Work-family balance is an important thing. Most people need to work to be able to support their families. Many people enjoy working and thrive through their work. However, work can take too much time and energy away from the family. Striking a balance is challenging.

Work-Family Balance and Quality of Life

One 2002 study found that people who spend more time on family than work report having a higher quality of life than those others. People who spent about equal time on family and work had a higher life quality than people who spent more time on work than family. Therefore, the perfect work-family balance may be one that leans more heavily on the family side than the work side.

Women and the Struggle with Work-Family Balance

Women, particularly mothers, have struggled significantly with the work-family balance issue. Research shows that 7 out of 10 women with children under 18 also work for pay. However, they earn less than their male counterparts. Plus, they often don’t return to full-time work quickly after the birth of children. One study found that it takes over a decade for the number of women to return to full-time work as the number who were working full-time within one year prior to the birth of their first child.
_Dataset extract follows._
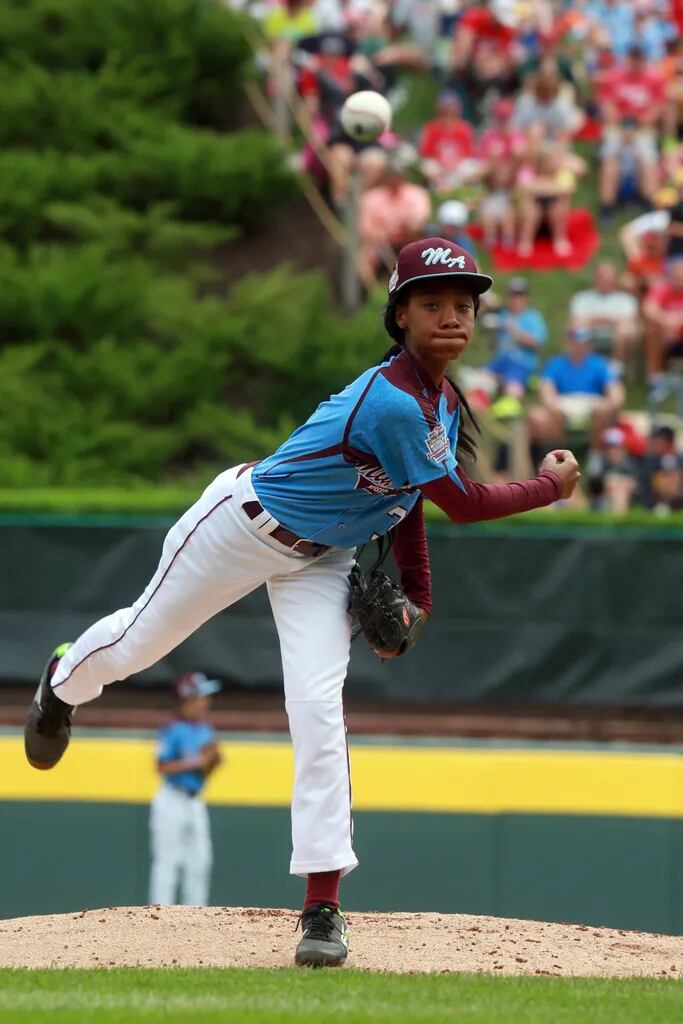 Mo'ne Davis Pitches Shutout in Little League World Series - ABC News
About 2/5 of mothers wait until their children are older to resume full-time work. Another 1/5 never resume full-time work. This impacts women and their families in a number of ways. In terms of career, many women struggle to get back on track in terms of professional status. We’ve all heard about the lawyers who get put on the “mommy track” and struggle to make partner at a firm after having kids. Recently new information shows that mothers who are scientists have a hard time getting grants and publications in comparison to their single and/or male counterparts.
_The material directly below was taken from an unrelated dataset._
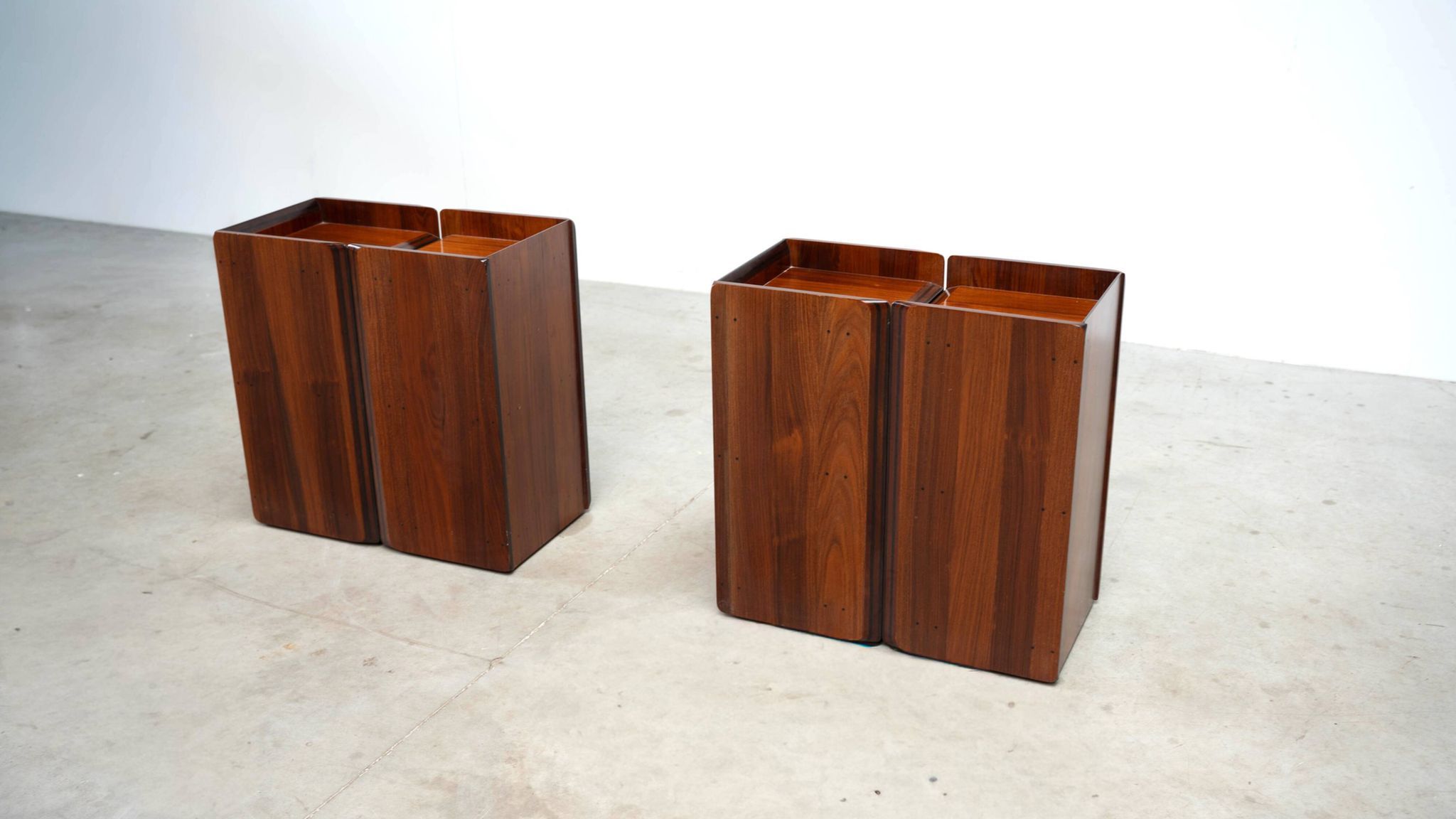 Rares cabinets latéraux en bois de rose Afra Tobia Scarpa pour Maxalto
This Issue Impact All Types of Families

Although women have been uniquely impacted by the work-family balance, it’s an issue that affects all different configurations of family. In the two-parent “mom and dad” family, both partners often struggle with the financial impact of trying to achieve work-family balance. Men increasingly give more time to family than they historically did. That’s a great thing for many reasons. However, it also means that dads are feeling more of the stress in the struggle to achieve work-family balance. The two parents may fight frequently over finances, as well as over division of labor at home.

Single parents, same-sex parents, and people in other family configurations (multi-generational, polyamorous, etc.) also have to grapple with this issue. Who will work? How much will each person work? What adaptations and sacrifices will the family have to make in order for one or more parents to not only earn money but also do a job that they enjoy? All types of families have to answer these questions. There is no right answer and no easy answer. Most people just do the best that they can and adapt as their financial, employment, and family situations change.

Communication is Key

Each individual, and each family, must figure out what works for them. There are many different ways to earn a living. How much money one needs varies widely. People must look at what they are willing to sacrifice in terms of family time in order to work at a certain job. They must look at what they are willing to sacrifice career-wise in order to have more family time. In order to figure this out, people must learn to communicate.

It’s not easy to talk about money. Financial stress makes it even more challenging in families. However, learning how to communicate openly, authentically, and honestly about your work-family balance needs will go a long way towards achieving the right balance in your family.